> On May 12, 2016, at 12:07 PM, Richard Smith <[email protected]> wrote:
> On 12 May 2016 at 11:45, John McCall <[email protected] 
> <mailto:[email protected]>> wrote:
>> On May 6, 2016, at 2:29 PM, Richard Smith <[email protected] 
>> <mailto:[email protected]>> wrote:
>> Per http://wg21.link/p0136r1 <http://wg21.link/p0136r1> an inheriting 
>> constructor declaration no longer results in the implicit synthesis of 
>> derived class constructors, and instead the behavior of a call to an 
>> inherited constructor is that:
>> 
>>  1) the portion of a hypothetical defaulted default constructor prior to the 
>> base constructor invocation is executed, then
>>  2) the inherited constructor is invoked, then
>>  3) the portion of a hypothetical defaulted default constructor after the 
>> base constructor invocation is executed
>> 
>> There are a couple of obvious ways we could avoid emitting the code for (1) 
>> and (3) in every inherited constructor call site:
> 
> This only affects interoperation to the extent that it's done with vague 
> linkage, since as far as I know there's no way to give an inherited 
> constructor a strong definition.
> 
> Yes.
> 
> I think we should recommend using (A) in all cases where it's possible, which 
> as far as I know is everything except variadic constructors, and then just 
> inline all the appropriate initialization for variadics.
> 
> OK, sounds fine to me. I don't really think the variadic case will come up 
> enough to worry about it. The other benefit of the prefix/suffix functions is 
> that we can factor out some of the duplication from the CI functions 
> themselves, but that seems very much like a secondary benefit.
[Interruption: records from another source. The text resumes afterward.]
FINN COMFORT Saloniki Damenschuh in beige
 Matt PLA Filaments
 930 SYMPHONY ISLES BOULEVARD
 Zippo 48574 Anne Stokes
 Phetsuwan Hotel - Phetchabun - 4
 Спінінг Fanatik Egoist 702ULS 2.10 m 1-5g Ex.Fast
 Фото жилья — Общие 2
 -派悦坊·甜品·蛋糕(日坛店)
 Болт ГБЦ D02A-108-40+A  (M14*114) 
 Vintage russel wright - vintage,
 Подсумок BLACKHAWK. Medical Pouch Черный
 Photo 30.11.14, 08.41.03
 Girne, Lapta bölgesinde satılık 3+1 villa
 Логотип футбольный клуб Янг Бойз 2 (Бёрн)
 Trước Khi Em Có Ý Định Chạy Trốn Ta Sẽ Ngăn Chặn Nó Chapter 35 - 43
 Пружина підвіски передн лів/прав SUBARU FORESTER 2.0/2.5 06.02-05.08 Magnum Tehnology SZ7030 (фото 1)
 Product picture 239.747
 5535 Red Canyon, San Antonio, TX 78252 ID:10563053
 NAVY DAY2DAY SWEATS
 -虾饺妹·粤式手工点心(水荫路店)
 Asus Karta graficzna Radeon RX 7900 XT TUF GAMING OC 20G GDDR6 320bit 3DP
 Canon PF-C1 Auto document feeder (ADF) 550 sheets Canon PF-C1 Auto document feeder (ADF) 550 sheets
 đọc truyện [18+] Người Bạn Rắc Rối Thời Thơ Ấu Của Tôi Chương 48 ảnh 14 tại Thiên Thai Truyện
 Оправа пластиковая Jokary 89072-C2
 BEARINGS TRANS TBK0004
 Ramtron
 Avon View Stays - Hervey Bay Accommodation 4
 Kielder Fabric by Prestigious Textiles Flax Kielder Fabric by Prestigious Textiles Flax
I mean, if we wanted to, we could apply that as a code-size optimization across 
ordinary constructors when we happen to notice that they have equivalent 
initializers.

> (A) has to deal with both constructor variants, though.
> 
> Good point. Maybe CI1<type> / CI2<type>?

That makes sense to me if we do need to distinguish inherited constructors.

>  
> Is there a reason we can't just continue to mangle the symbol as a C1 or C2 
> in the derived class?  Just concern about ODR differences when there happens 
> to be a non-trivially-copyable type passed by value?
> 
> For a C2 constructor that inherits a constructor from a virtual base, the 
> signature will be different from the old approach, because parameters will no 
> longer be passed at all (whereas before they were passed and discarded). 
> That's probably fine for most calling conventions, but seems risky in 
> general. [As a further optimization, we could share the same C2 constructor 
> for all inherited constructors that inherit from the same (set of) virtual 
> base(s), but I'm not sure that's worth putting into the ABI.]
> 
> I'm also concerned about there being edge cases where overload resolution 
> could pick between constructors from two different base classes despite them 
> mangling the same. Highly-contrived example:
> 
> constexpr int f(), g();
> struct A { template<int = f()> A(int); };
> struct B { template<int = g()> B(int); };
> struct C : A, B {
>   using A::A;
>   using B::B;
> };
> 
> TU1:
> constexpr int f() { return 0; }
> C c(0);
> constexpr int g() { return 0; }
> 
> TU2:
> constexpr int g() { return 0; }
> C c(0);
> constexpr int f() { return 0; }
> 
> I think this is valid, with TU1 calling A(int) and TU2 calling B(int).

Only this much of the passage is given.